The surgical approach to CAAs is based on preoperative 3D imaging that defines the relationship of the other major structures. In this case, transection of the main pulmonary artery (despite the pulmonic prosthesis) provided direct exposure to the giant CAA. Previous pericardiectomy, extensive infection, and a mechanical prosthesis in the mitral position made it difficult to expose the distal coronary artery branches.

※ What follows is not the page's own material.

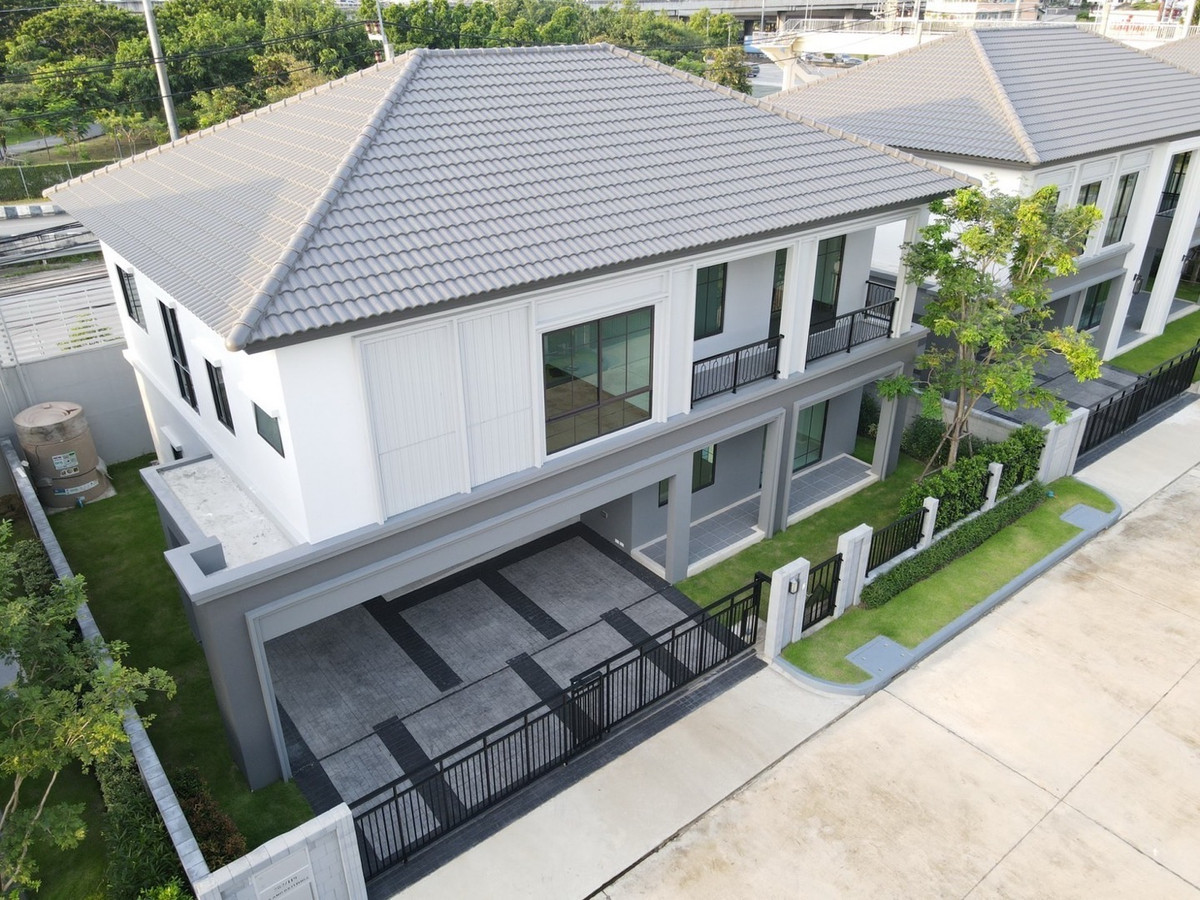 ขายบ้านลาดกระบัง สุวรรณภูมิ : 🏡ขายบ้านเดี่ยว2ชั้น โครงการแกรนด์บริทาเนียกรุงเทพกรีฑา-สุวรรณภูมิ 
ราคา💸พิเศษ12.99ลบ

Probing the left circumflex (Fig. 3) through its tiny, compressed orifice within the aneurysm allowed for localization and grafting of the left circumflex in the atrioventricular groove, avoiding the need to lift the heart—a maneuver that could be hazardous in the setting of a rigid mitral prosthesis. The initial reconstruction of the main pulmonary artery with end-to-end anastomosis resulted in significant bleeding related to friable, thin arterial wall under some tension in the redo setting where pulmonary artery branches could not be mobilized. A bovine pericardial patch to extend the posterior wall of the main pulmonary artery allowed for a tensionless repair with good hemostasis. In a patient with no prior cardiac surgery or infection, aortotomy can be a more direct approach to exclusion of a LMCA aneurysm. Aortotomy allows for patch closure of the LMCA origin.